**Instructions to follow**
Starting with the line with "Импульсный ускоритель электронов." in the entries below and going on through the line with "橙光掠影，生活中的一抹鲜亮动态", output every line exactly and nothing more. No pictures.
Data extracts Start Marker
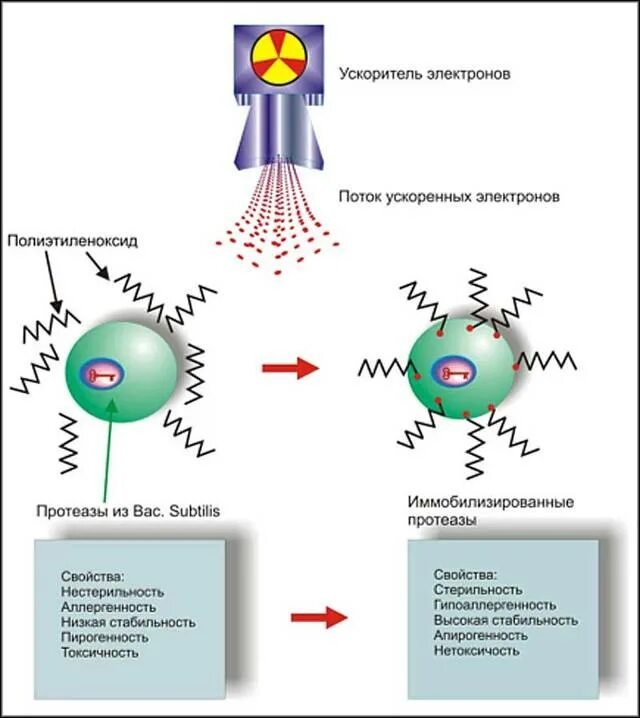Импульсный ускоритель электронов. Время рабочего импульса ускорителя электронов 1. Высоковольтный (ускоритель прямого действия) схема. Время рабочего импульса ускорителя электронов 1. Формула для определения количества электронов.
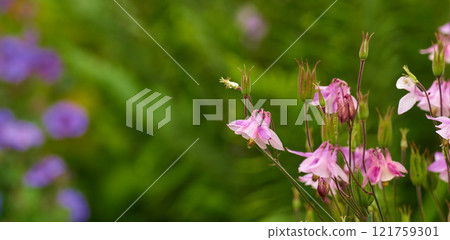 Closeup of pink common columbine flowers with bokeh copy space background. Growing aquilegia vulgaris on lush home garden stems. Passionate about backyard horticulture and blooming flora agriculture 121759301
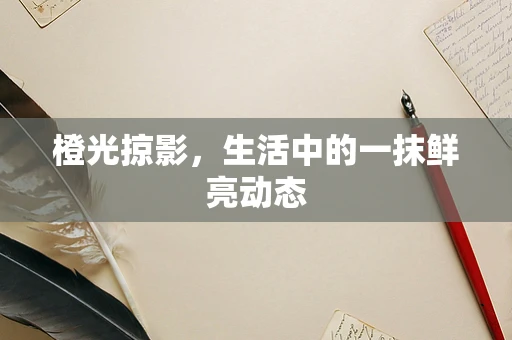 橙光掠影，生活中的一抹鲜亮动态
Data extracts End Marker
Data extracts Start Marker
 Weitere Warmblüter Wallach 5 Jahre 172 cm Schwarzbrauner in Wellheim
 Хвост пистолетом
Data extracts End Marker
**Expected answer**
Импульсный ускоритель электронов. Время рабочего импульса ускорителя электронов 1. Высоковольтный (ускоритель прямого действия) схема. Время рабочего импульса ускорителя электронов 1. Формула для определения количества электронов.
 Closeup of pink common columbine flowers with bokeh copy space background. Growing aquilegia vulgaris on lush home garden stems. Passionate about backyard horticulture and blooming flora agriculture 121759301
 橙光掠影，生活中的一抹鲜亮动态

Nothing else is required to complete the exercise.